Case Report: SVT, A-fib, or A-flutter?

Case Report: SVT, A-fib, or A-flutter? 564 255 Richie Cunningham

Post Authors: Anisa Mughal, MD (PGY-2) and Kevin Drechsel, MD (Attending, Mayo Clinic-Phoenix)

CC: Shortness of breath

HPI: This patient was a 61-year-old male with a history of epilepsy and saddle PE (2019) on apixaban who presented with a chief complaint of shortness of breath.  He first noticed “my heart was beating fast” yesterday but did not have associated symptoms at that time. This sensation subsequently resolved. Two hours prior to his presentation he was waiting in line at CVS for a refill of medications when he again noticed that his heart rate was very rapid and also noticed new shortness of breath.  In the Emergency Department, he reported some chest “discomfort” accompanying the shortness of breath, but denied any chest pain, leg swelling, or syncope.  He also reported feeling sweaty. The patient denied any COVID symptoms and recently had a negative COVID test.  He denied any cardiac history including coronary artery disease and congestive heart failure.  In 2019 he had a saddle PE which was treated with thrombectomy and started on anticoagulation with apixaban, with which he reported compliance.

Initial vital signs:

HR 253 bpm BP 95/65mmHg T 37℃ RR 18 98% on RA

Initial EKG showed a regular narrow-complex tachycardia with a rate of 248 beats per minute (see Figure 1).

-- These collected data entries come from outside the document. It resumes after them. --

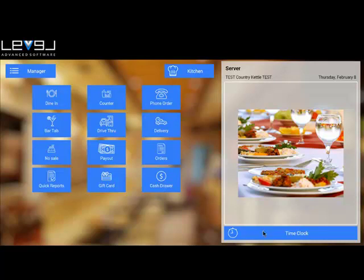And then down on the bottom is time clock. This is where your employees will clock in and clock out for the day.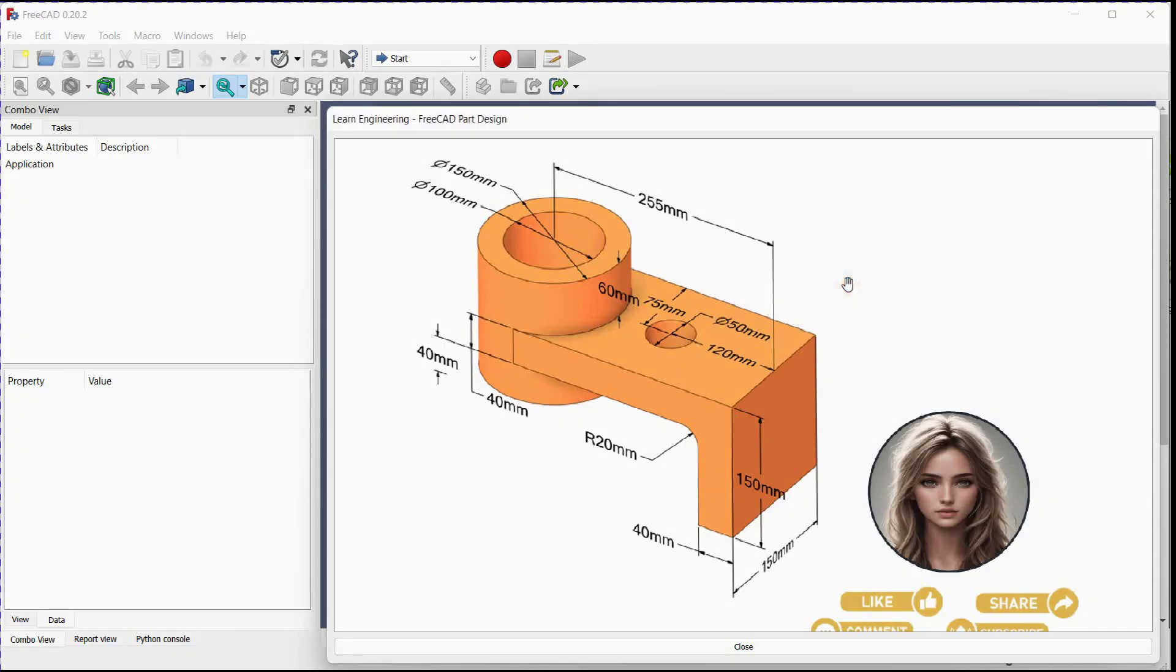Welcome to our video on how to make this 3D part. First we will make this L shape.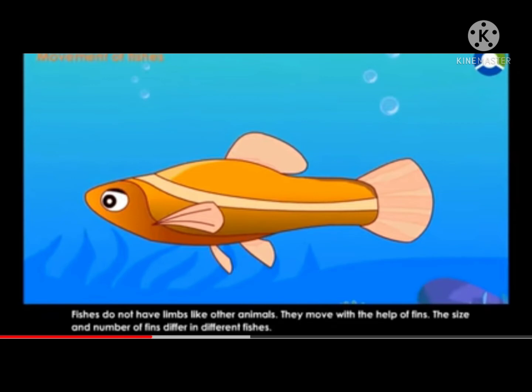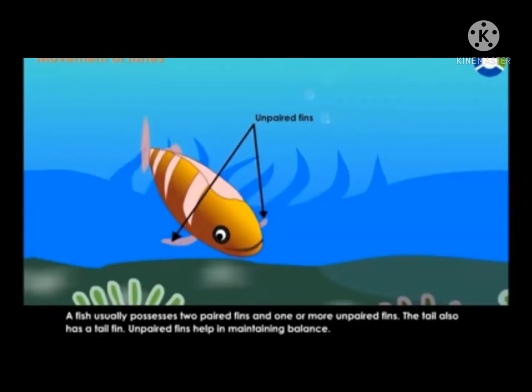Fishes do not have limbs like other animals. They move with the help of fins, and the size and number of fins differ in different fishes. A fish usually possesses two paired fins and one or more unpaired fins. Unpaired fins help in maintaining balance, and the tail also has a tail fin.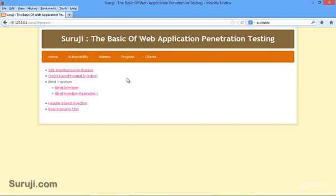According to infosecinstitute.com, HTTP header fields are components of the message header of request and response in the hypertext transfer protocol, which is HTTP. They define the operating parameters of an HTTP transaction.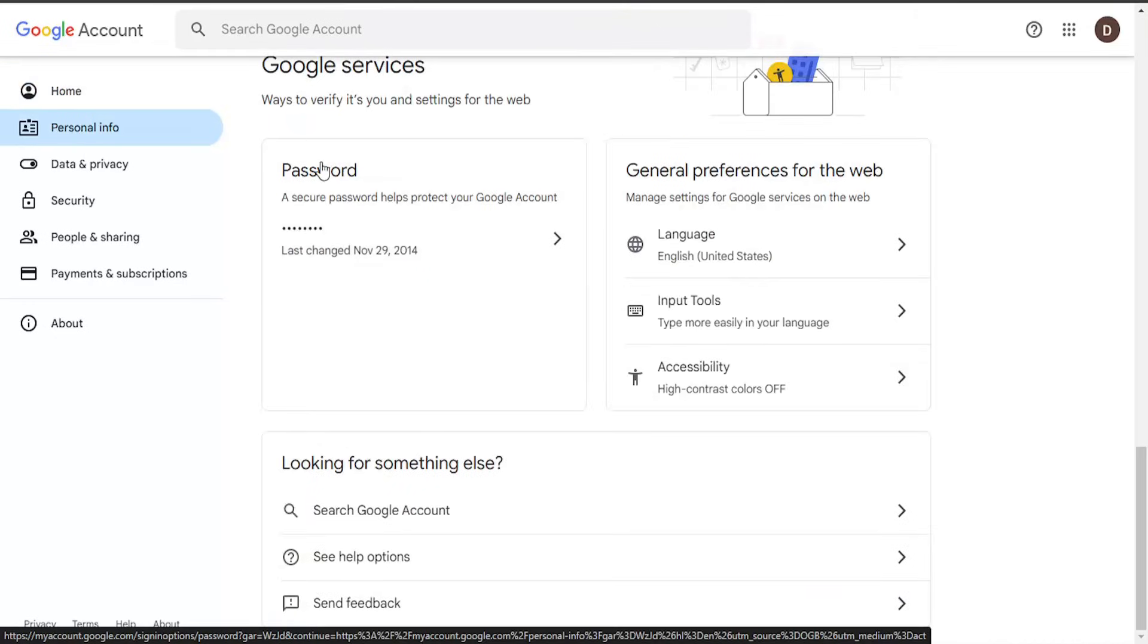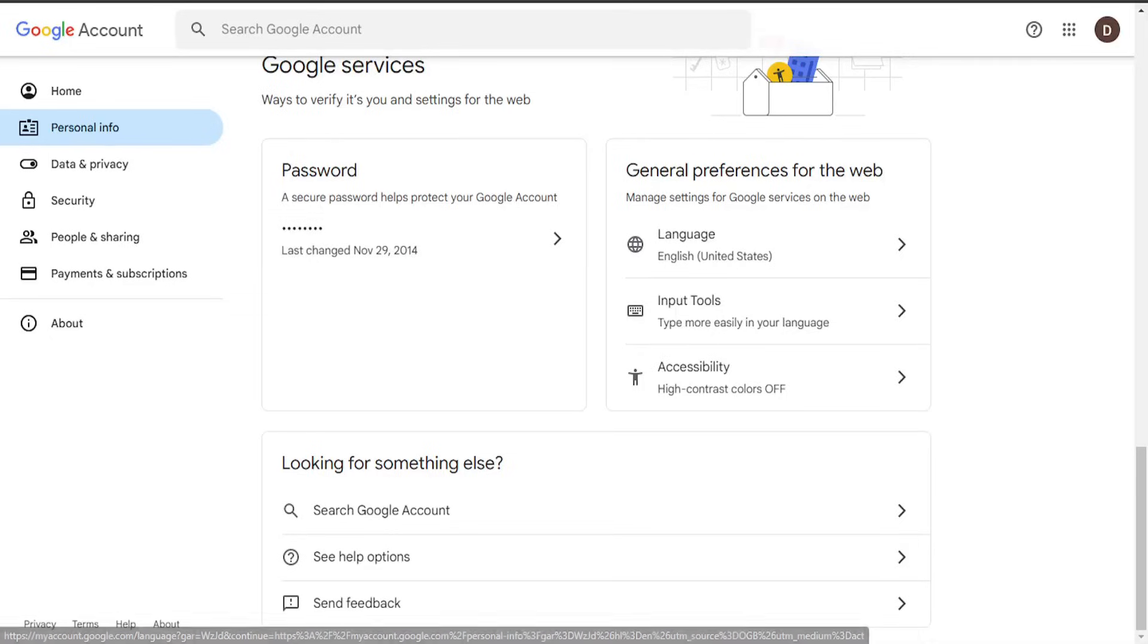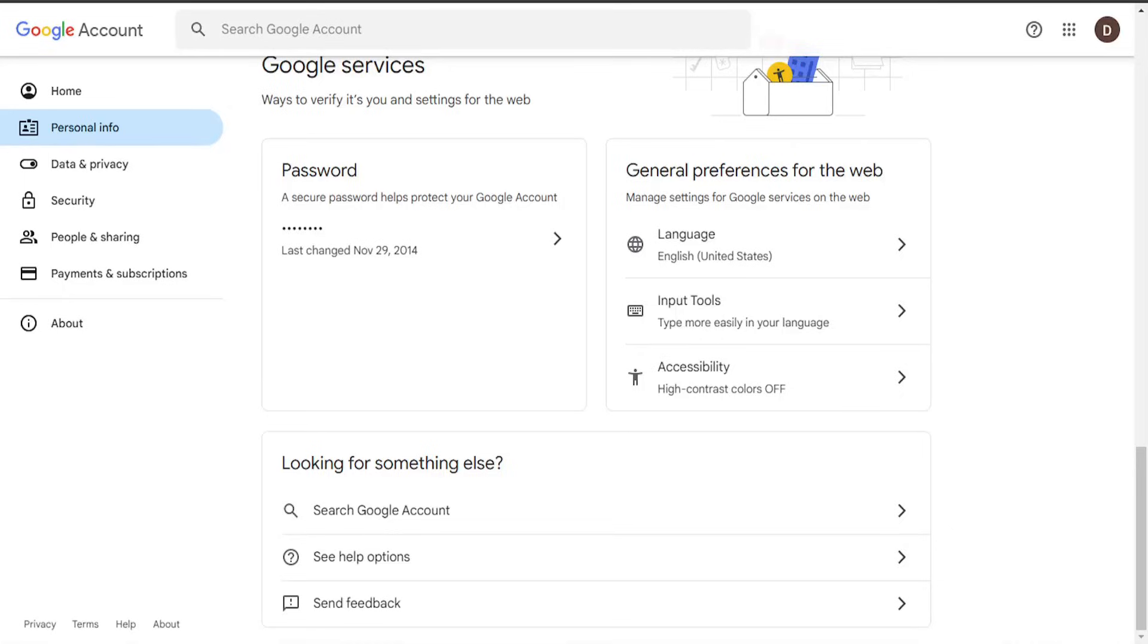Then scroll down on this page until you get to the password section. Where it says last change, it'll tell you right in here. Click inside this field. It'll prompt you to enter your current password, and then you'll have the ability to add or change your password. That's pretty much it.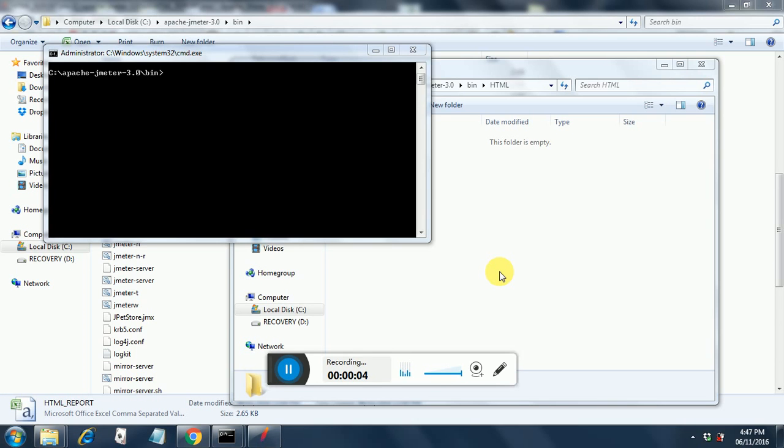Hello, in the last video we saw how to generate an HTML report from our JMeter test. In the last video we had run the entire test and after that we had generated the HTML report. The test execution itself generated the HTML report.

Figure 1. Initial EKG showing narrow-complex tachycardia with a rate of 248 bpm.

The machine interpretation registered this as a wide QRS, however upon careful inspection of all leads, the QRS is narrow. Our differential included SVT and atrial flutter; we believed sinus tachycardia (initial rate too fast) and atrial fibrillation (regular R-R interval) were less likely. We initially tried vagal maneuvers. There was no change with Valsalva, however with passive leg raise, the patient’s rate decreased to approximately 130 bpm. We obtained a repeat EKG that showed a regular narrow-complex tachycardia with a rate of 132 bpm (see Figure 2) and ST depressions in leads II and V2-V6.

Figure 2. EKG following passive leg raise.

A repeat blood pressure showed improvement to 120/85 mmHg. Cardiology was consulted, who believed the rhythm was likely SVT and recommended a trial of adenosine. No change was appreciated after 6mg adenosine, however an underlying rhythm of atrial flutter was detected after 12mg adenosine, and the patient remained in this rhythm (see Figure 3).

Figure 3. Continuous EKG during adenosine administration revealed atrial flutter waves.

Initial laboratory studies showed:

K 4.1 mEq/L

Troponin (high sensitivity, no baseline on file): 46 ng/mL

Pro BNP: 2092 pg/mL

COVID: negative

The patient’s heart rate remained in the 130’s and he was given a 5mg dose of IV metoprolol per cardiology’s recommendation. He was admitted to cardiology and underwent a cardiac echo and cardioversion with sedation in the electrophysiology (EP) lab. Further workup confirmed that the patient was in atrial flutter and runs of atrial fibrillation were detected in the EP lab. His EKG upon discharge can be seen in Figure 4. He was subsequently discharged in stable condition on PO metoprolol.

Figure 4. EKG following cardioversion in the EP lab shows a normal sinus rhythm.